Bob Lind, Published September 15 2012
Lind: Fargo-Moorhead native flies into storms to collect data
Not that Nicole Mitchell takes her job lightly, gaining information that could help the country prepare for future storms. To do that, she flew into the heart of Isaac; not once, but three times.
Nicole is an Air Force Reserves aerial reconnaissance weather officer for the Hurricane Hunters, a unit that flies into tropical weather to gather such data as pressures, wind speeds and exact coordinates of the storm, all of which aid in the forecasting of tropical storms and hurricanes.
She lives in Atlanta, but her squadron is based in Biloxi, Miss. She’s a captain, but soon will be promoted to major.
“Inside the storm,” Nicole writes Neighbors, “I am considered the mission director because I (as the weather expert) am coordinating and directing where we need to fly, making sure all the weather data is collected and accurate, then I transmit the information directly to the National Hurricane Center.”
Nicole was trained as a weather observer and forecaster in the Air National Guard, which she joined right out of high school.
She was a weather forecaster in Europe in support of military operations in Kosovo and Bosnia, and in Saudi Arabia in support of Operation Enduring Freedom.
She’s done weather reporting for TV stations in Duluth, Minn., Rapid City, S.D., South Bend, Ind., and Tulsa, Okla.
She joined the Weather Channel in 2004, but was terminated in 2010 because, she says, the management didn’t want to contend with the hours she needed to take off to serve as an Air Force Reserve hurricane hunter.

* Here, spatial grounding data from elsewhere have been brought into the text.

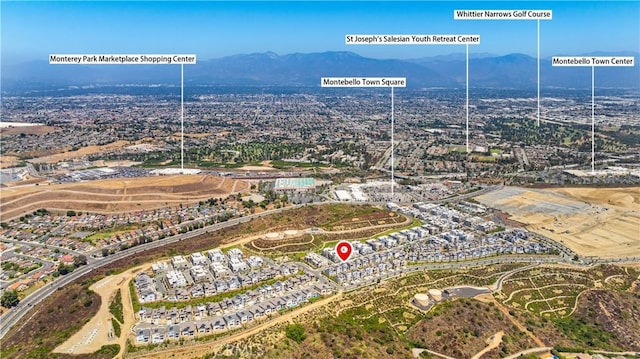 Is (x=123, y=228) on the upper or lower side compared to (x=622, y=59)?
lower

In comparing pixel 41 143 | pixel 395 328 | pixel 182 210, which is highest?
pixel 41 143

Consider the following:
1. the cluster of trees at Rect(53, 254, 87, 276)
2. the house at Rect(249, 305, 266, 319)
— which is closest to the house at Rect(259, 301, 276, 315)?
the house at Rect(249, 305, 266, 319)

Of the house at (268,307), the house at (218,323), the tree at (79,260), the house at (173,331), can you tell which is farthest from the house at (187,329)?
the tree at (79,260)

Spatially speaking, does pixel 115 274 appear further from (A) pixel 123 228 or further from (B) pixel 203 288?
(A) pixel 123 228

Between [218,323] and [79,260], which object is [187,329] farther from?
[79,260]

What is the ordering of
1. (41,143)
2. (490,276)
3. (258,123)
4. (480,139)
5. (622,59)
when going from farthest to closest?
(258,123), (480,139), (41,143), (490,276), (622,59)

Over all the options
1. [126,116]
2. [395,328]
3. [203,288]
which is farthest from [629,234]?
[126,116] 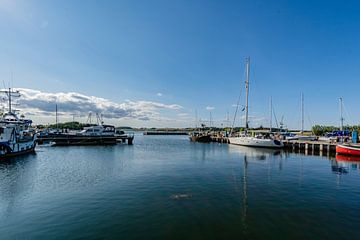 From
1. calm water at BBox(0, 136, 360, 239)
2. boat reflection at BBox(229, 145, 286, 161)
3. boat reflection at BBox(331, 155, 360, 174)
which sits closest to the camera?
calm water at BBox(0, 136, 360, 239)

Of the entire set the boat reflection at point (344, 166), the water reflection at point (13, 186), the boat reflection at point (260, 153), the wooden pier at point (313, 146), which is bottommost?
the boat reflection at point (260, 153)

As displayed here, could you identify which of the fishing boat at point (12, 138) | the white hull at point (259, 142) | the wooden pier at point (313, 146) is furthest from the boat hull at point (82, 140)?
the wooden pier at point (313, 146)

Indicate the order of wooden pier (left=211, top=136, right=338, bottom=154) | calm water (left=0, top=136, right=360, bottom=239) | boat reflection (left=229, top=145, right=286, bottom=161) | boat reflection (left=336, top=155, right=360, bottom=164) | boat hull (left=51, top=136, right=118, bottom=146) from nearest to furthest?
1. calm water (left=0, top=136, right=360, bottom=239)
2. boat reflection (left=336, top=155, right=360, bottom=164)
3. boat reflection (left=229, top=145, right=286, bottom=161)
4. wooden pier (left=211, top=136, right=338, bottom=154)
5. boat hull (left=51, top=136, right=118, bottom=146)

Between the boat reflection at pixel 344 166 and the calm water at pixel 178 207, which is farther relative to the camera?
the boat reflection at pixel 344 166

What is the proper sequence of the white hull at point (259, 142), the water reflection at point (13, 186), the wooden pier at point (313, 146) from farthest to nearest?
the white hull at point (259, 142)
the wooden pier at point (313, 146)
the water reflection at point (13, 186)

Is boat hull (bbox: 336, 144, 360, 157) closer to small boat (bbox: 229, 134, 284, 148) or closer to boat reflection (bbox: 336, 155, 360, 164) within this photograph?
boat reflection (bbox: 336, 155, 360, 164)

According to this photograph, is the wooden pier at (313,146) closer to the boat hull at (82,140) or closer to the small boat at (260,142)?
the small boat at (260,142)

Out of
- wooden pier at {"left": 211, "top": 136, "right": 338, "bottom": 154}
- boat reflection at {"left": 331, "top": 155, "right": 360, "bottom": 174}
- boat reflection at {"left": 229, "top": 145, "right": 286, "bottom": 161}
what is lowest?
boat reflection at {"left": 229, "top": 145, "right": 286, "bottom": 161}

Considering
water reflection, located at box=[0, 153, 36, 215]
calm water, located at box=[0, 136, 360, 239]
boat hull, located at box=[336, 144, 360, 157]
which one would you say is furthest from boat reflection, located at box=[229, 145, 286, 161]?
water reflection, located at box=[0, 153, 36, 215]

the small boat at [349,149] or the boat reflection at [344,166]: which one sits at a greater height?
the small boat at [349,149]

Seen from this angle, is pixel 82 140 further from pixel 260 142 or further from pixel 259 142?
pixel 260 142

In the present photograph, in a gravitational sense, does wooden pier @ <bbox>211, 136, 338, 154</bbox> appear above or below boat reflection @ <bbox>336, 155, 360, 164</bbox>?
above

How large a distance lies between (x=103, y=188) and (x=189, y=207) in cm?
838

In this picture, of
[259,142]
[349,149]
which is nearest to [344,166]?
[349,149]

As reported by Megan Card of The Forum earlier, she’s suing the Weather Channel and its parent companies for violating her rights as a member of the military.
Riding through blizzards
Nicole, 37, was born in Fargo, where she attended school through kindergarten, moved to Moorhead and attended first grade, and then moved to the Twin Cities, where she lived through college.
Her father and step-mother, Rod and Carol Mitchell, live in Detroit Lakes, Minn. Rod retired this year after 50 years with the Wells Fargo Bank in Fargo. Nicole’s grandmother, Joyce Mitchell, lives at Eventide Senior Living, Moorhead, and she has several aunts and uncles in the Fargo-Moorhead area. Nicole visits them at least annually.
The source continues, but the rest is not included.